- Type: Formation
- Underlies: Sassenach Formation or Palliser Formation
- Overlies: Mount Hawk Formation or Southesk Formation
- Thickness: Up to about 85 m (280 ft)

Lithology
- Primary: Limestone, dolomite
- Other: Siltstone

Location
- Coordinates: 53°16′48″N 118°39′18″W﻿ / ﻿53.28000°N 118.65500°W
- Region: Alberta and British Columbia
- Country: Canada

Type section
- Named for: Mount Simla
- Named by: D. J. McLaren and E. W. Mountjoy, 1962.

= Simla Formation =

Geologic formation in Canada

The Simla Formation is a stratigraphic unit of Late Devonian (late Frasnian) age. It is present on the western edge of the Western Canada Sedimentary Basin in the Rocky Mountains and foothills of west-central Alberta and east-central British Columbia. It consists primarily of carbonate rocks and siltstone, and was named for Mount Simla in northern Jasper National Park by D. J. McLaren and E. W. Mountjoy in 1962.
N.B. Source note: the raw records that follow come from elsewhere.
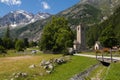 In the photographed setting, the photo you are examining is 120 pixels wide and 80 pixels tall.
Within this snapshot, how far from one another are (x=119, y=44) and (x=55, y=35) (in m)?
43.4

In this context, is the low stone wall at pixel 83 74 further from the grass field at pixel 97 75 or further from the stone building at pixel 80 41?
the stone building at pixel 80 41

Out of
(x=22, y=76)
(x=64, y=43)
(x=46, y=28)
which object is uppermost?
(x=46, y=28)

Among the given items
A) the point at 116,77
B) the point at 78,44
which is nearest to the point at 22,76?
the point at 116,77

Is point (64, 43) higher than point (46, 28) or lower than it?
lower

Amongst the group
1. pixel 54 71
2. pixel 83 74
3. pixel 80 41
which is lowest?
pixel 83 74

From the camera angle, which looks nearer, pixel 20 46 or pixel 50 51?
pixel 50 51

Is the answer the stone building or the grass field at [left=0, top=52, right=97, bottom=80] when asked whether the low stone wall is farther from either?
the stone building

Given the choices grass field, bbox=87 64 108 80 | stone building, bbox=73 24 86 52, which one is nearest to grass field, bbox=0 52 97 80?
grass field, bbox=87 64 108 80

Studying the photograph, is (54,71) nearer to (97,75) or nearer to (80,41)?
(97,75)

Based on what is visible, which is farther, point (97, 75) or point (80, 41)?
point (80, 41)

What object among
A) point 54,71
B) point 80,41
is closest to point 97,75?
A: point 54,71

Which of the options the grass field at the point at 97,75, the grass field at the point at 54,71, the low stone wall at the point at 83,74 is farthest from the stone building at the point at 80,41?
the grass field at the point at 97,75

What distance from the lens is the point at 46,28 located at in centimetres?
10812

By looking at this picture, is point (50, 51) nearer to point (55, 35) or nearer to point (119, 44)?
point (55, 35) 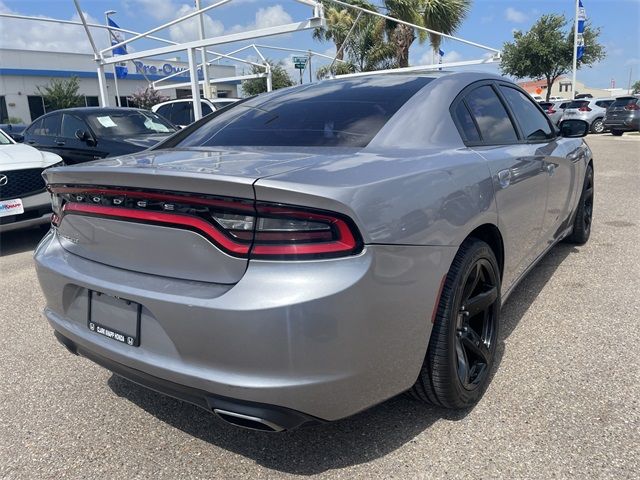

The Simla Formation is fossiliferous. It preserves remains of marine animals, and is especially known for its many species of rugose corals.

==Lithology and deposition==
The Simla Formation consists of recessive argillaceous siltstones, overlain by thick-bedded, cliff-forming limestones and dolomitic limestones. It was deposited as a shallow subtidal, open-marine carbonate shelf.

==Thickness and distribution==
The Simla Formation is present over a distance of about 280 km (175 mi) in the Rocky Mountains and foothills of west-central Alberta and east-central British Columbia, where it is consistently about 60 to 85 m (200 to 280 feet) thick.

==Relationship to other units==
Originally considered to be the lower part of the Alexo Formation or a member of the Southesk Formation, the Simla was raised to the rank of formation by H. H. J. Geldsetzer in 1982. It conformably overlies the Mount Hawk Formation or the Southesk Formation, and is conformably overlain by the Sassenach Formation or the Palliser Formation, depending on the location.

==Paleontology==
The Simla Formation is known for its rugose coral fauna, which comprises more than 30 species. It was the product of an evolutionary burst that began in middle Frasnian time and was ended by the Frasnian–Famennian extinction event. The formation also includes tabulate corals, brachiopods, stromatoporoids, crinoids, conodonts, and foraminifera.